Part 3 - U.S. Patent Reform: False Marking Claims
This is the third and final post in a series (Part 1: First-to-File; Part 2: Post Grant Review Proceedings) summarizing the most significant changes created by the Leahy-Smith America Invents Act (the "Act"). As you know, the Act was signed into law on September 16th. Although hyped as a major change in the U.S. Patents system, the Act does not affect many of the fundamental tenants of U.S. Patent law.

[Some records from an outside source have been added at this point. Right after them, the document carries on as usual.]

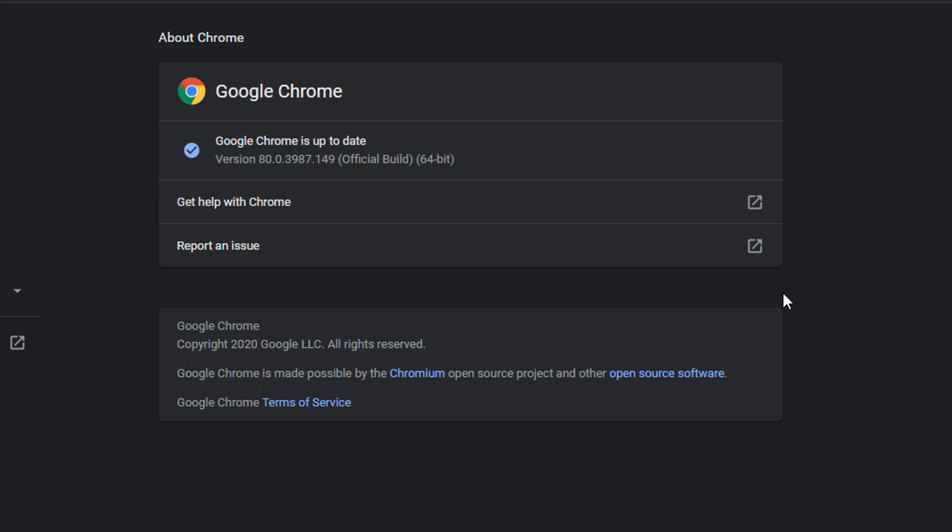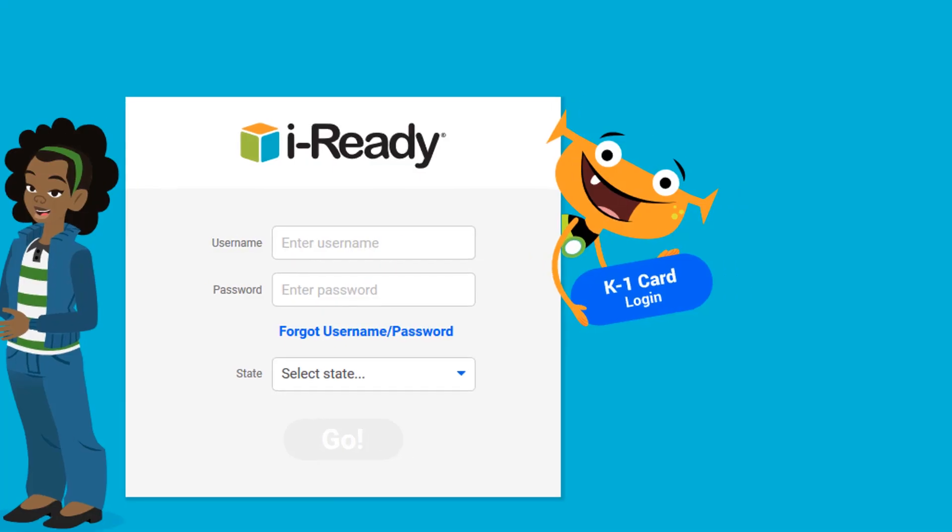Once the latest version is downloaded, you'll need to click the relaunch button to restart the browser and install the update. You should now be able to log into iReady without any messages about an unsupported browser or the experience not being optimal.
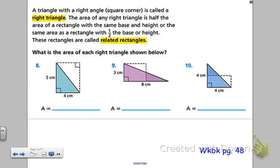Moving on to workbook page 48. It says a triangle with a right angle — you know, has that square corner — is called a right triangle. The area of any right triangle is half the area of a rectangle with the same base and height, or the same area as a rectangle with half the base or height. These rectangles are called related rectangles.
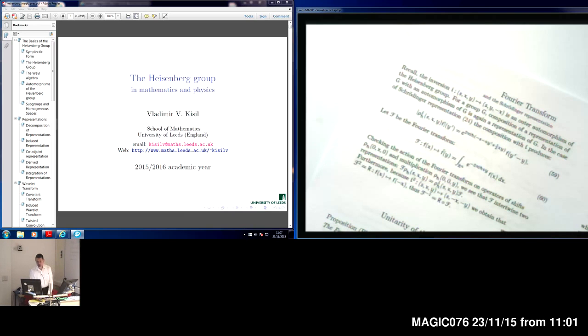Good morning, can you hear me? Lancaster, Lockborough, Birmingham — do you see a presentation on PDF file?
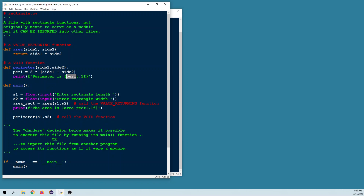In main, we first ask the user to enter the rectangle's length and width, stored in s1 and s2. Then we call the area function by name and give it two arguments. The actual values you pass when calling a function are called arguments. When you define the function, we call them parameters — s1 gets passed into side1, s2 into side2.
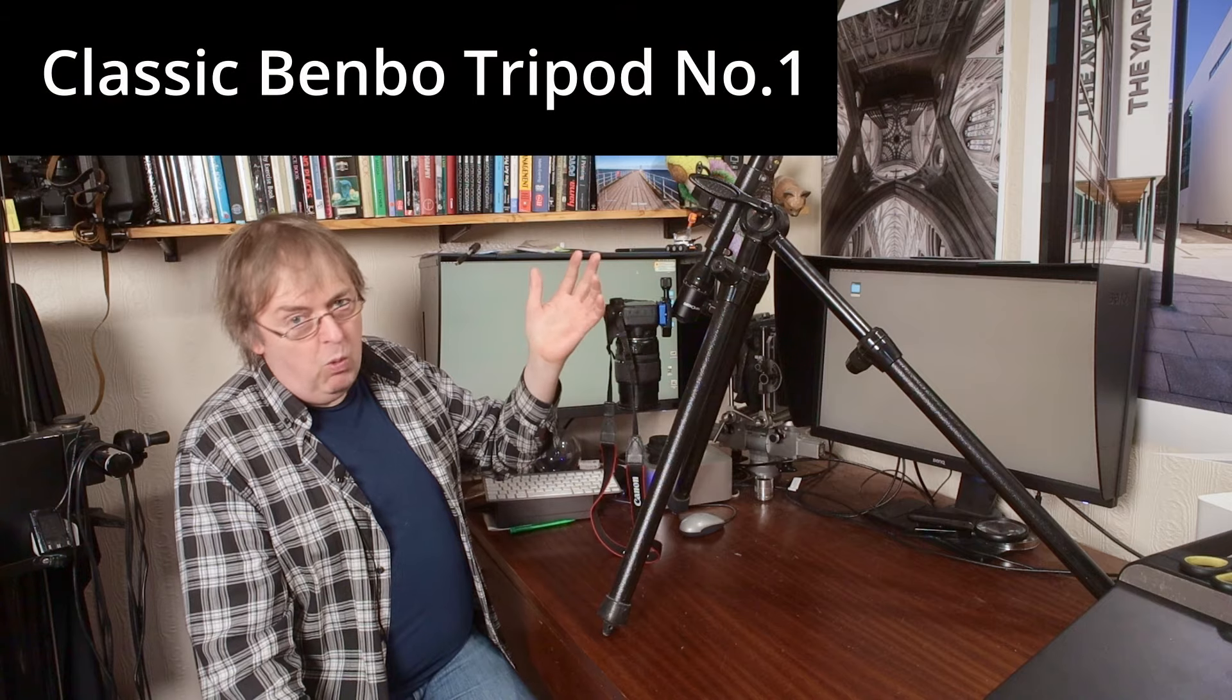But anyway, this is the tripod that I use for quite a bit of my macro work. That's not studio work. This is close-up work, industrial work. I've got it set up. This is a Bembo. This is the original Mk I.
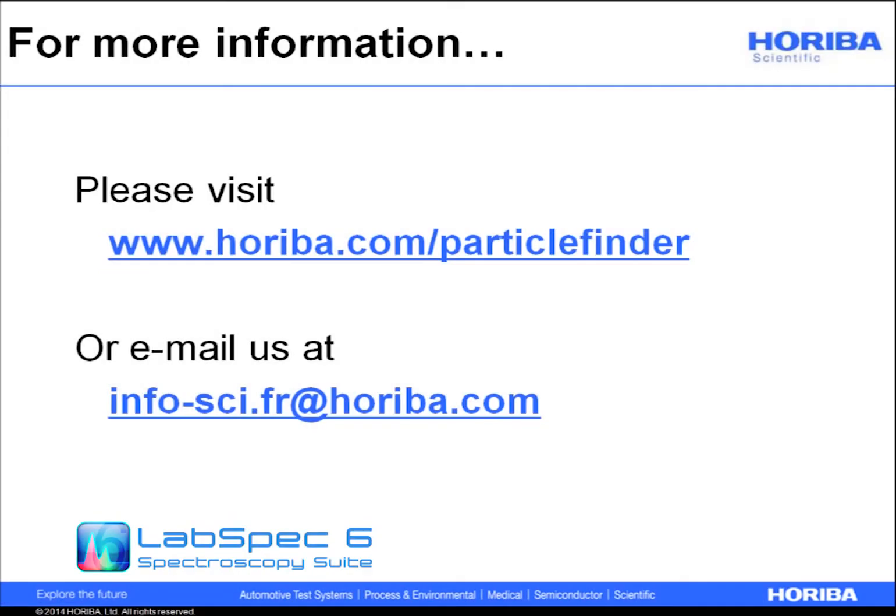If you would like any further information about Particle Finder or HORIBA Scientific's range of Raman microscopes and particle characterization tools, please visit the Particle Finder web pages or email us.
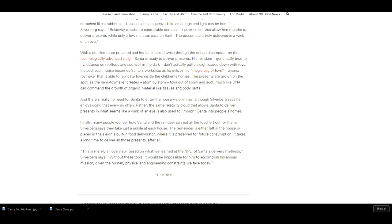And there's really no need for Santa to enter the house via chimney, although Silverberg says he enjoys doing that every so often. Rather, the same relativity cloud that allows Santa to deliver presents in what seems like a wink of an eye is also used to morph Santa into people's homes.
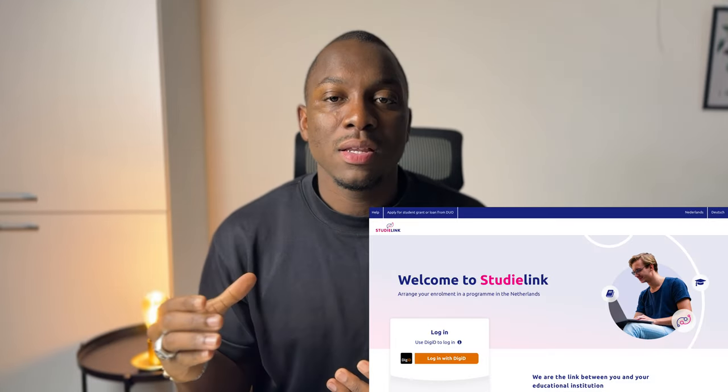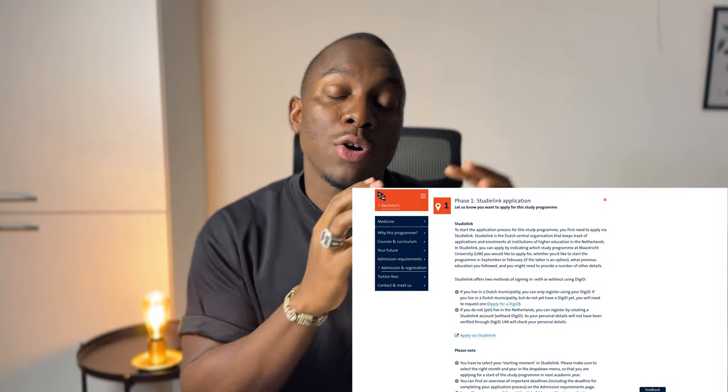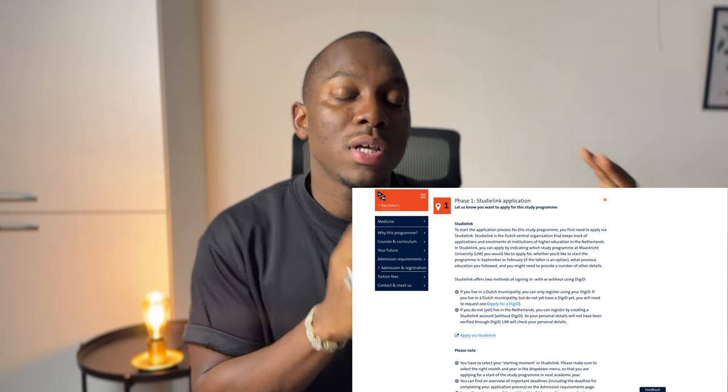So first, you have to register via Studielink. Studielink is the portal where everyone who studies in the Netherlands, regardless of what program you do, registers — it's a government website. When you register, it's important to put in the right study you want to sign up for — in this case, medicine — and the right year you're starting. Some programs start in February, some in September. Medicine only starts in September, so you have to pick the right option. This information is all detailed on the website.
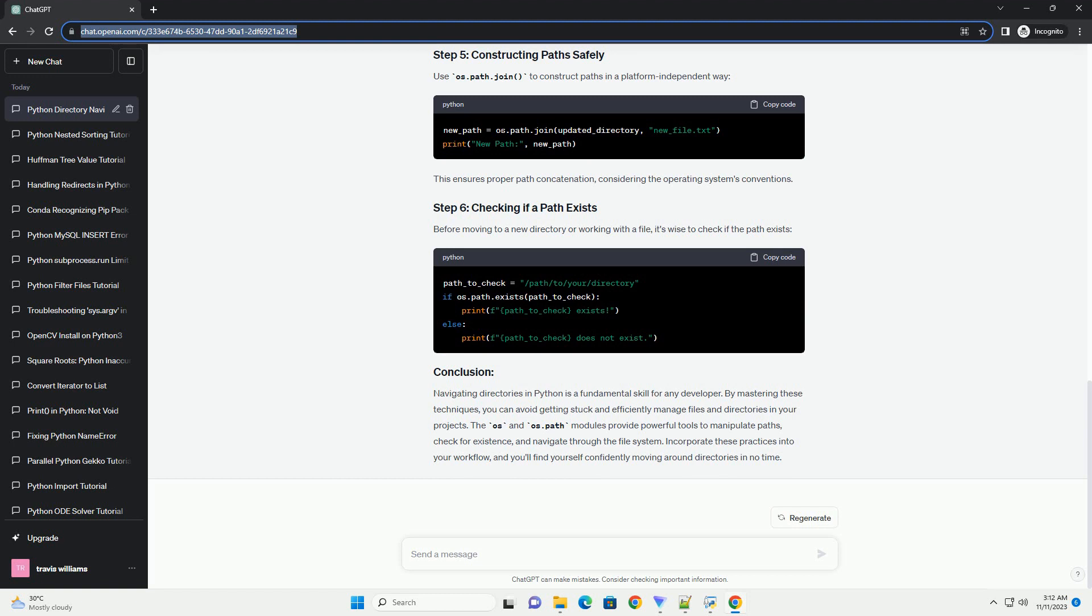In this tutorial, we'll explore how to move around directories using the OS module and OS.path module in Python, helping you avoid being stuck and enhance your file and directory manipulation skills. Before we start navigating directories, let's import the required modules.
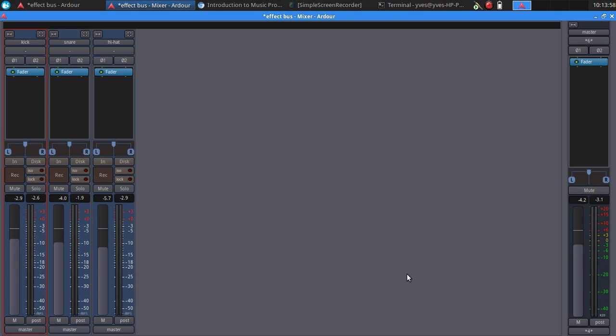Another benefit is that if you want to apply the same reverb settings on several tracks, you can use that same bus over several tracks.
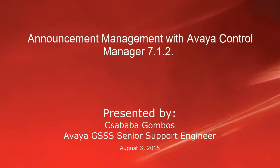Hello, my name is Csaba Gombos with Global Services Team. I'm going to present how announcement management works with Avaya Control Manager in 7.1.2 release.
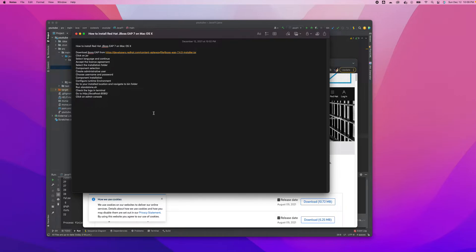JBoss installation is a straightforward process. You just download the JAR file, run it, go to your bin directory, and run the shell script. That's it — we don't need to do any complicated configuration changes to run the application server. That's an advantage when considering JBoss Enterprise Application Platform.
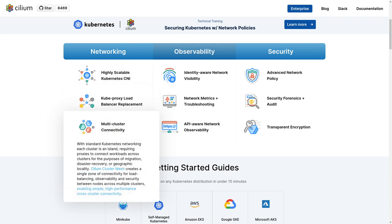With standard Kubernetes networking, each cluster is an island, requiring proxies to connect workloads across clusters for the purposes of migration, disaster recovery, or geographic locality. Cilium cluster mesh creates a single zone of connectivity for load balancing, observability, and security between nodes across multiple clusters, enabling simple, high-performance, identity-aware cross-cluster connectivity.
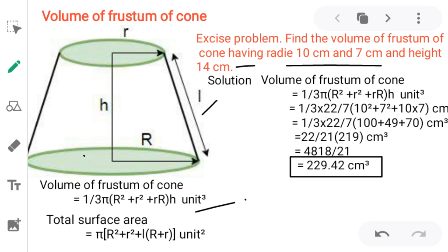The volume of a frustum of a cone is (1/3) × π × (R² + r² + R·r) × h. Substituting: (1/3) × (22/7) × (10² + 7² + 10×7) × 14. After calculation, the volume is 2299.42 cm³.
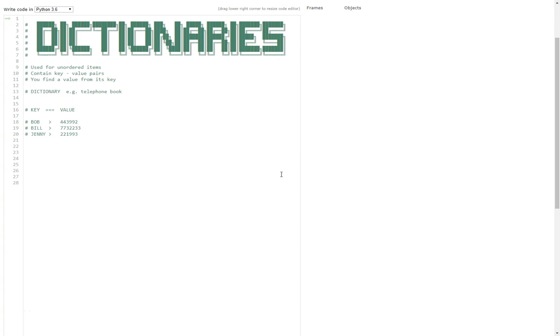Hello and welcome to another Learn Python tutorial. In this tutorial I'm going to show you how you can use dictionaries. So but first of all, what is a dictionary?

This blog post focuses on: (1) new limitations on false marking claims, and (2) USPTO funding and fees.
FALSE MARKING CLAIMS
Effective September 16, 2011, the Act creates new limitations on false marking claims brought under 35 USC § 292. Before the Act, any person could sue for a penalty of $500 for every instance of false marking. The Act limits this penalty clause so that only the U.S. Government or a party that can prove competitive injury will be able to bring a false marking suit. The Act also provides that marking an item with an expired patent number is not a violation of the statute. This change applies to any case pending on or after the date of enactment.
USPTO FUNDING AND FEES
One of the contested provisions between the U.S. House of Representatives and the U.S. Senate version of the bill related to the diversion of fees received by the USPTO. Specifically, the original bill prohibited the diversion of USPTO fees away from the USPTO and into the general fund. While this provision was deleted from the final version by the House of Representatives, the Act still contains several significant funding provisions which include:
- Providing the Director of the USPTO with fee and service setting authority;
- applicant may pay a fee of $4,800 ($2,400 for small entities), which allows the applicant to move up in the line of examinations;
- A new 15% surcharge on certain fees starting September 26, 2011;
- Providing certain "micro-entities" with a 70% reduction in fees.
This blog post and my previous postings regarding the Act describe several changes created by the Act. However, the Act does not address the two major problems with current U.S. Patent Law. These are the long backlog of patent applications and the perceived over-issuance of questionable patents by the USPTO. Instead, the Act merely tinkers with current law on the margins and increases the authority of the USPTO to administratively review patents after they have been issued. None of these changes are likely to have a significant effect on the U.S. patent system nor are they likely to decrease the costs of receiving a patent or the cost of infringement litigation.